Source records
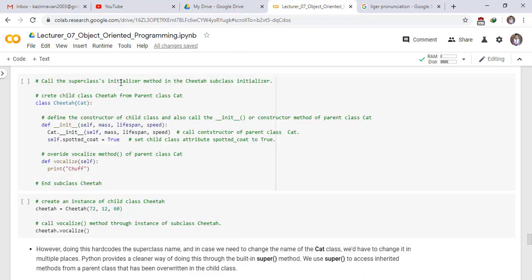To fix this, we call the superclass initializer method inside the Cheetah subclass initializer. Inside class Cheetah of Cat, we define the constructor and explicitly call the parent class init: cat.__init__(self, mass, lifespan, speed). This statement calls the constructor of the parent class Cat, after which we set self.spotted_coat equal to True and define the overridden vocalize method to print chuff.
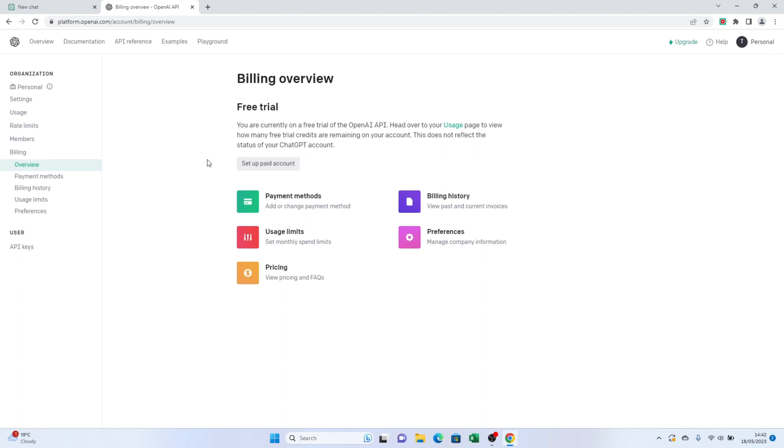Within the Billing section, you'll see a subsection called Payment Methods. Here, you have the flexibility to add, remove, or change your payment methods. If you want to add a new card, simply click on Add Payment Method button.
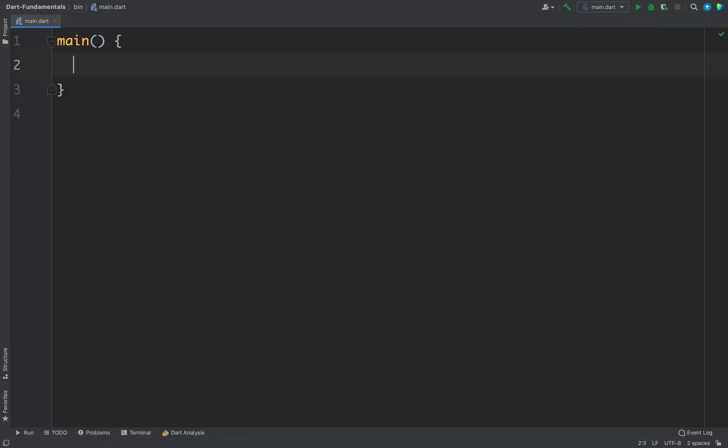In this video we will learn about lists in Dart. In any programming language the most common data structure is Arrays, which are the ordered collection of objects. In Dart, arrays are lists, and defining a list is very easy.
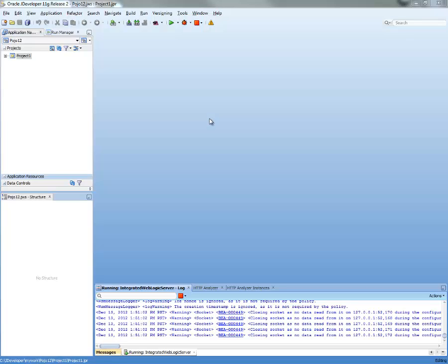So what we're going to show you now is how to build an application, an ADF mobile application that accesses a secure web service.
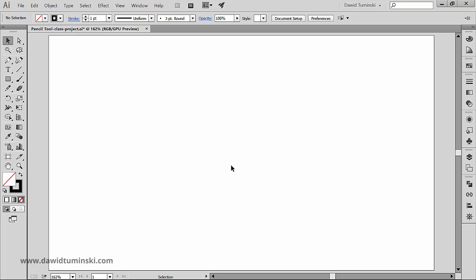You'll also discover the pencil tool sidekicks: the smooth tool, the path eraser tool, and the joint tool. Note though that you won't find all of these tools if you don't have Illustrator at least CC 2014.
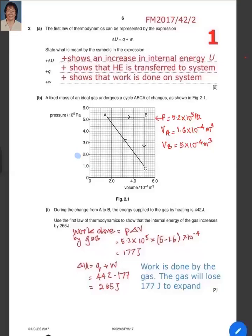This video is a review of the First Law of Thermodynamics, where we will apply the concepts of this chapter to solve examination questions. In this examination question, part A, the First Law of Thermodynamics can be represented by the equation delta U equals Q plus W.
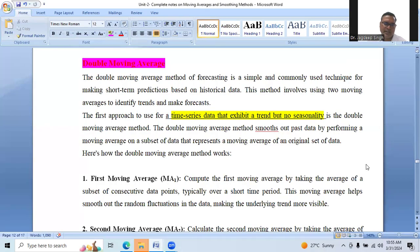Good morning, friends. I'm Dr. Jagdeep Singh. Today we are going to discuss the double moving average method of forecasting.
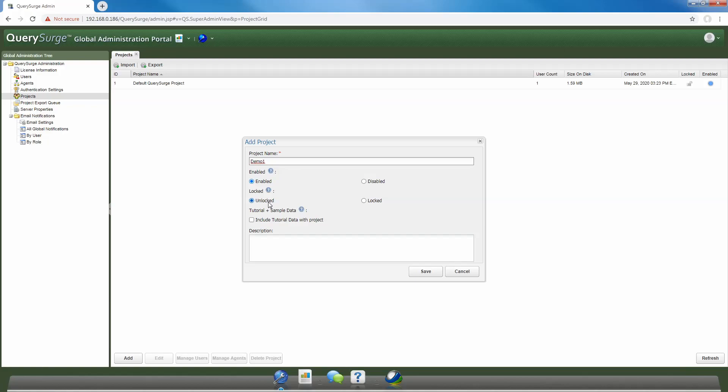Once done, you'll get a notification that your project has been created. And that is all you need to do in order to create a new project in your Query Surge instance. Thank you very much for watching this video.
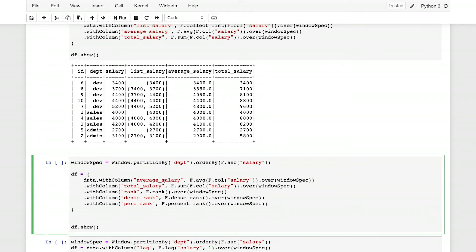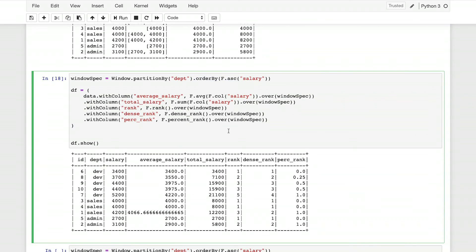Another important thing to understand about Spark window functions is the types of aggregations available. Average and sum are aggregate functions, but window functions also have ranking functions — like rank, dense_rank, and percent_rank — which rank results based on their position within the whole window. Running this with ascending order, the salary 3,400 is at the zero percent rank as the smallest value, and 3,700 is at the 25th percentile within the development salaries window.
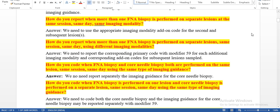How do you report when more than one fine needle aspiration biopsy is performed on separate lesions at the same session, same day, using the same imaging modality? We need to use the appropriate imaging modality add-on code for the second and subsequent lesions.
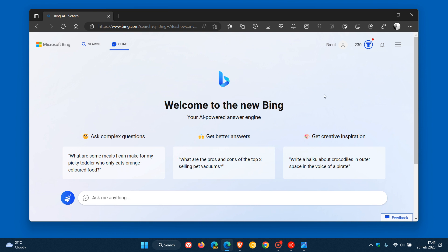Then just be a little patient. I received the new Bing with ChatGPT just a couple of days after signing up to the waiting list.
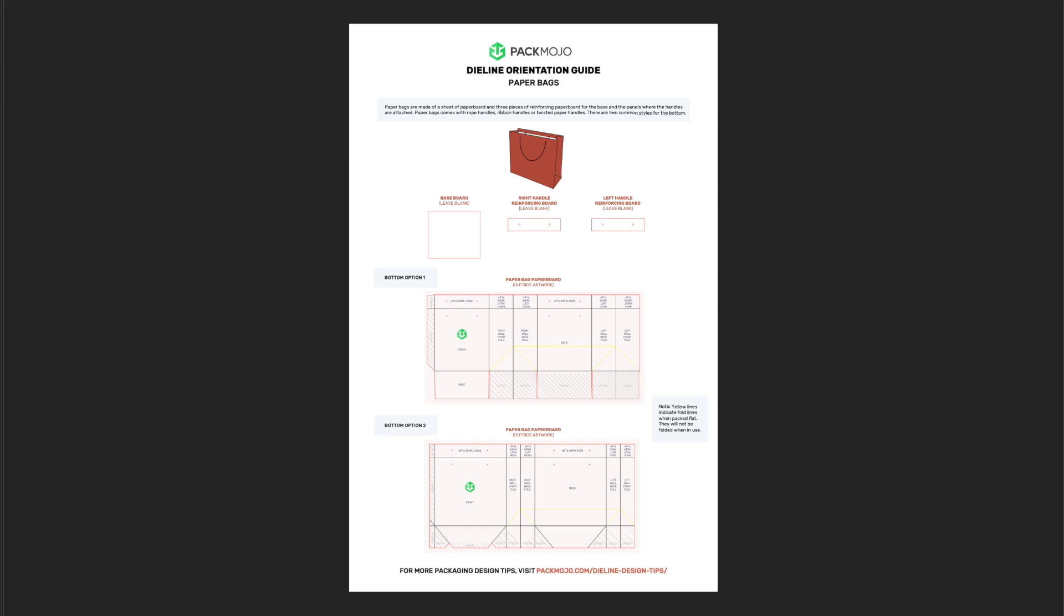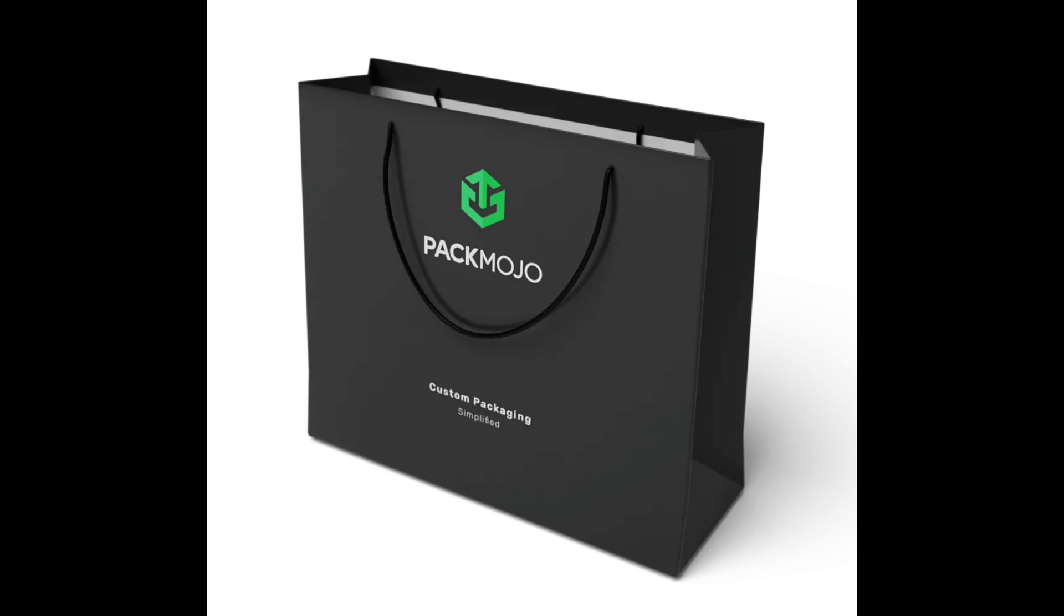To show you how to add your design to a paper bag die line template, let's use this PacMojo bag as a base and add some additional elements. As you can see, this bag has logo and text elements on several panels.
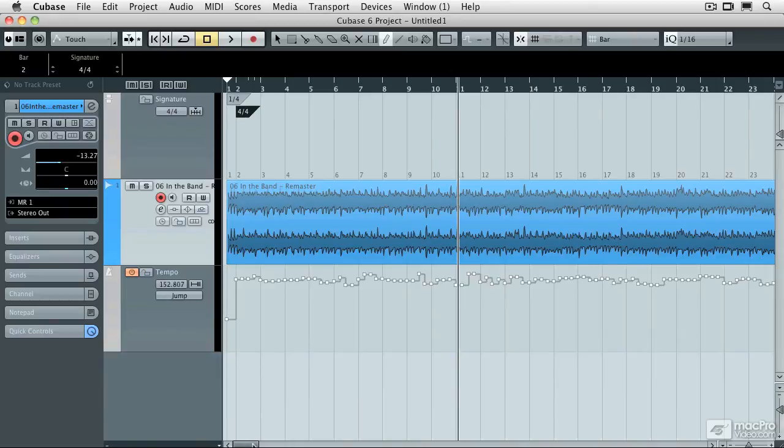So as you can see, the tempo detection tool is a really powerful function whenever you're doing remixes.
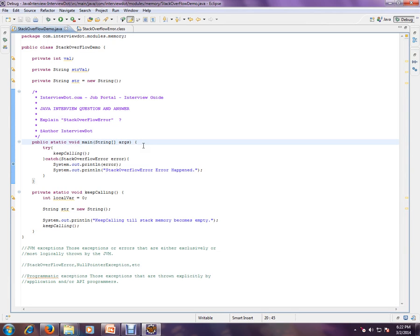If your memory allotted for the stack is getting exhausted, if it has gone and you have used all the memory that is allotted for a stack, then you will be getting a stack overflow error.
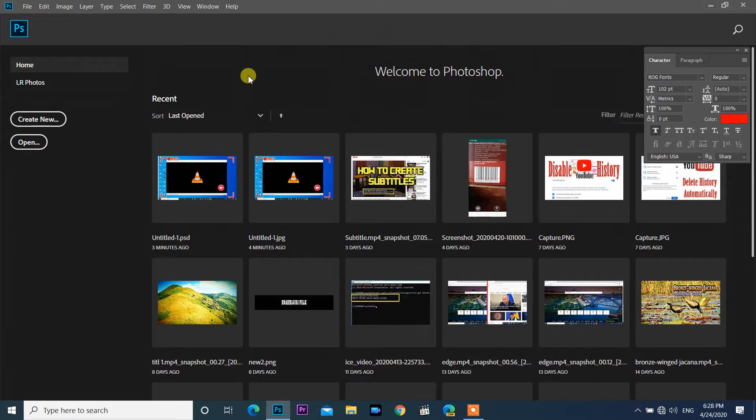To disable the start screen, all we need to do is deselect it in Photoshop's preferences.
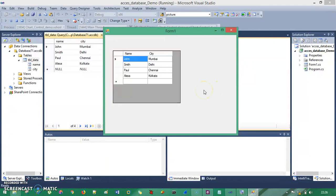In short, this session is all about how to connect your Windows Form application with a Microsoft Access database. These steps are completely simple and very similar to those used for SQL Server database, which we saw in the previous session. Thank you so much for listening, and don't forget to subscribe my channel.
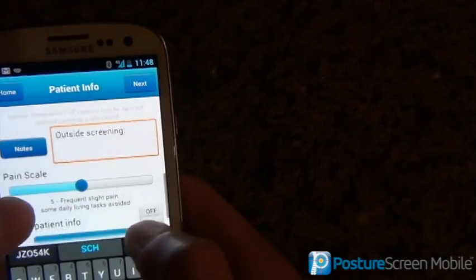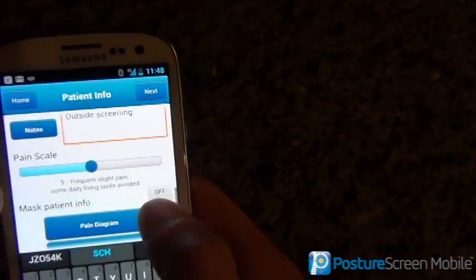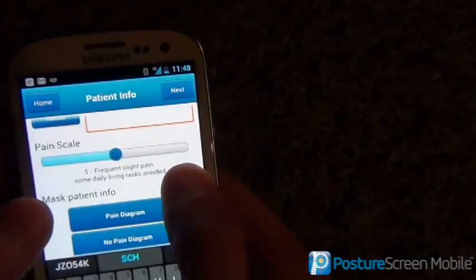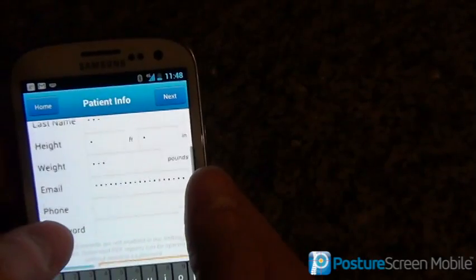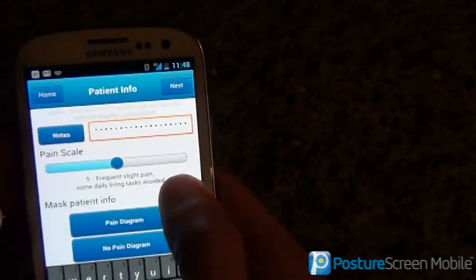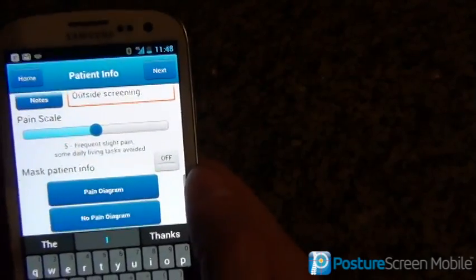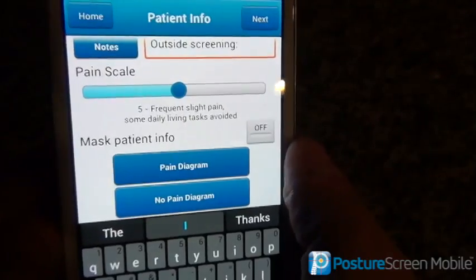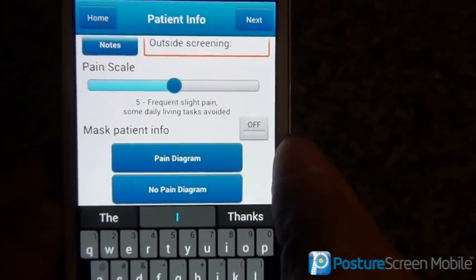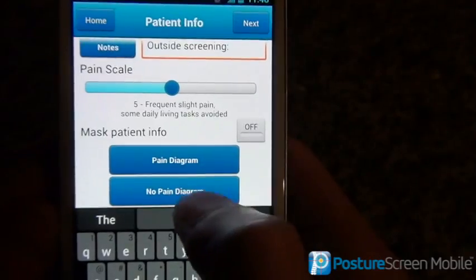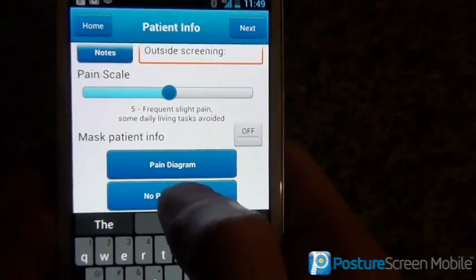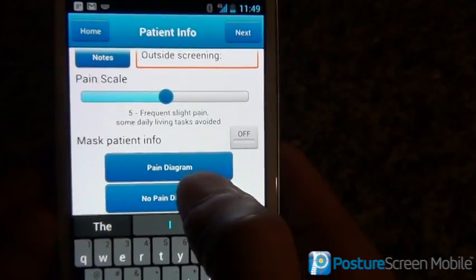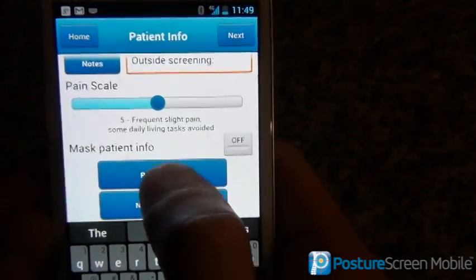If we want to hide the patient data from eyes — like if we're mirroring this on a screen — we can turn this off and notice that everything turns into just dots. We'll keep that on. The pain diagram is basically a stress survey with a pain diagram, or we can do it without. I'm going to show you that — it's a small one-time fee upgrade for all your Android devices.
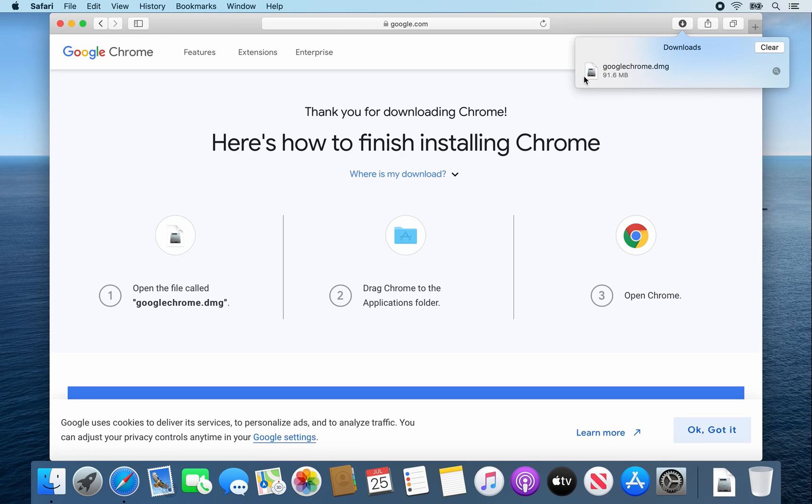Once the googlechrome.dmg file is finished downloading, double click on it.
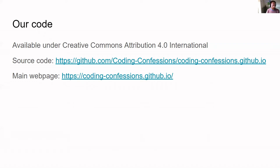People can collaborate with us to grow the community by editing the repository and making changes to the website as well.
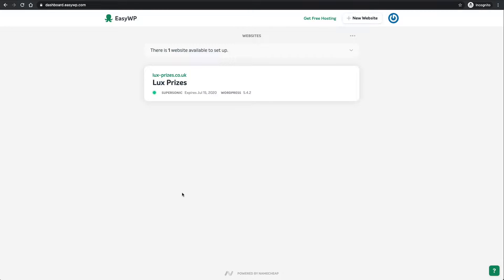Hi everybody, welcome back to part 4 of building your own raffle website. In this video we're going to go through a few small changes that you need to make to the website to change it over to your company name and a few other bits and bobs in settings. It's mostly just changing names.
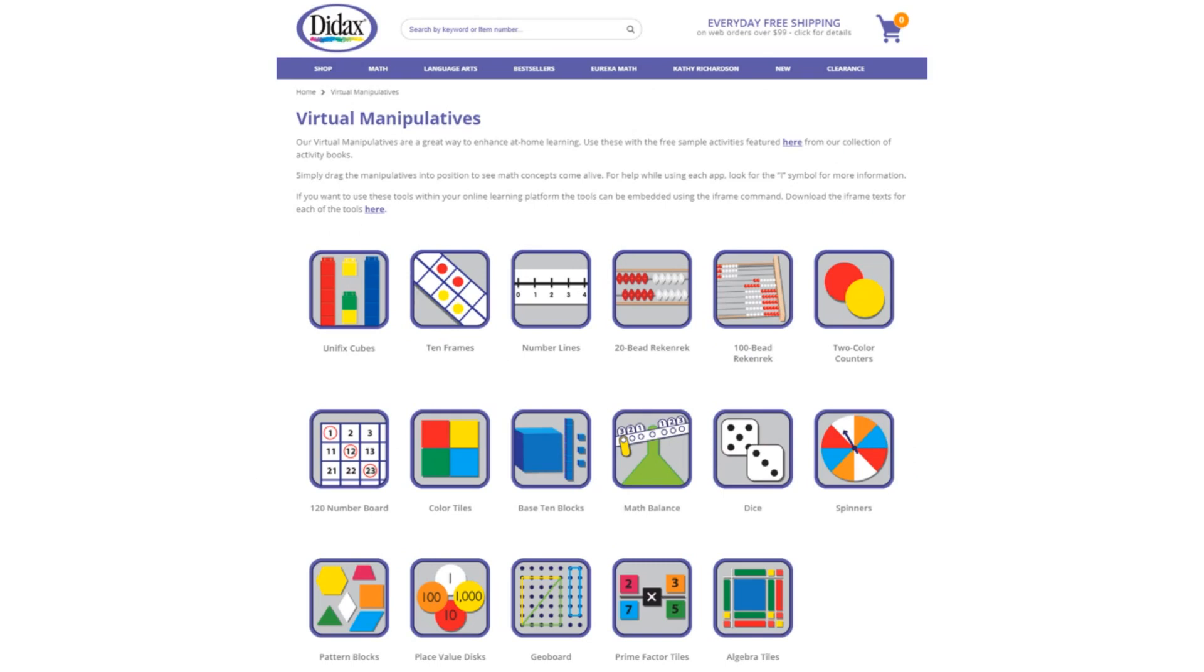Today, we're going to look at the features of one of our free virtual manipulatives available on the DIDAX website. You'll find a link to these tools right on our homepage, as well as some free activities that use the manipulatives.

Work instructions
Quote all of the entries word for word, omitting any pictures.

Result for this task
To fix this, we call the superclass initializer method inside the Cheetah subclass initializer. Inside class Cheetah of Cat, we define the constructor and explicitly call the parent class init: cat.__init__(self, mass, lifespan, speed). This statement calls the constructor of the parent class Cat, after which we set self.spotted_coat equal to True and define the overridden vocalize method to print chuff.
Within the Billing section, you'll see a subsection called Payment Methods. Here, you have the flexibility to add, remove, or change your payment methods. If you want to add a new card, simply click on Add Payment Method button.
In this video we will learn about lists in Dart. In any programming language the most common data structure is Arrays, which are the ordered collection of objects. In Dart, arrays are lists, and defining a list is very easy.
So what we're going to show you now is how to build an application, an ADF mobile application that accesses a secure web service.
You'll also discover the pencil tool sidekicks: the smooth tool, the path eraser tool, and the joint tool. Note though that you won't find all of these tools if you don't have Illustrator at least CC 2014.
This video is a review of the First Law of Thermodynamics, where we will apply the concepts of this chapter to solve examination questions. In this examination question, part A, the First Law of Thermodynamics can be represented by the equation delta U equals Q plus W.
Good morning, friends. I'm Dr. Jagdeep Singh. Today we are going to discuss the double moving average method of forecasting.
Once done, you'll get a notification that your project has been created. And that is all you need to do in order to create a new project in your Query Surge instance. Thank you very much for watching this video.
Another important thing to understand about Spark window functions is the types of aggregations available. Average and sum are aggregate functions, but window functions also have ranking functions — like rank, dense_rank, and percent_rank — which rank results based on their position within the whole window. Running this with ascending order, the salary 3,400 is at the zero percent rank as the smallest value, and 3,700 is at the 25th percentile within the development salaries window.
How do you report when more than one fine needle aspiration biopsy is performed on separate lesions at the same session, same day, using the same imaging modality? We need to use the appropriate imaging modality add-on code for the second and subsequent lesions.
Then just be a little patient. I received the new Bing with ChatGPT just a couple of days after signing up to the waiting list.
To show you how to add your design to a paper bag die line template, let's use this PacMojo bag as a base and add some additional elements. As you can see, this bag has logo and text elements on several panels.
So as you can see, the tempo detection tool is a really powerful function whenever you're doing remixes.
If your memory allotted for the stack is getting exhausted, if it has gone and you have used all the memory that is allotted for a stack, then you will be getting a stack overflow error.
To disable the start screen, all we need to do is deselect it in Photoshop's preferences.
In short, this session is all about how to connect your Windows Form application with a Microsoft Access database. These steps are completely simple and very similar to those used for SQL Server database, which we saw in the previous session. Thank you so much for listening, and don't forget to subscribe my channel.
If we want to hide the patient data from eyes — like if we're mirroring this on a screen — we can turn this off and notice that everything turns into just dots. We'll keep that on. The pain diagram is basically a stress survey with a pain diagram, or we can do it without. I'm going to show you that — it's a small one-time fee upgrade for all your Android devices.
Once the googlechrome.dmg file is finished downloading, double click on it.
People can collaborate with us to grow the community by editing the repository and making changes to the website as well.
Hi everybody, welcome back to part 4 of building your own raffle website. In this video we're going to go through a few small changes that you need to make to the website to change it over to your company name and a few other bits and bobs in settings. It's mostly just changing names.
Today, we're going to look at the features of one of our free virtual manipulatives available on the DIDAX website. You'll find a link to these tools right on our homepage, as well as some free activities that use the manipulatives.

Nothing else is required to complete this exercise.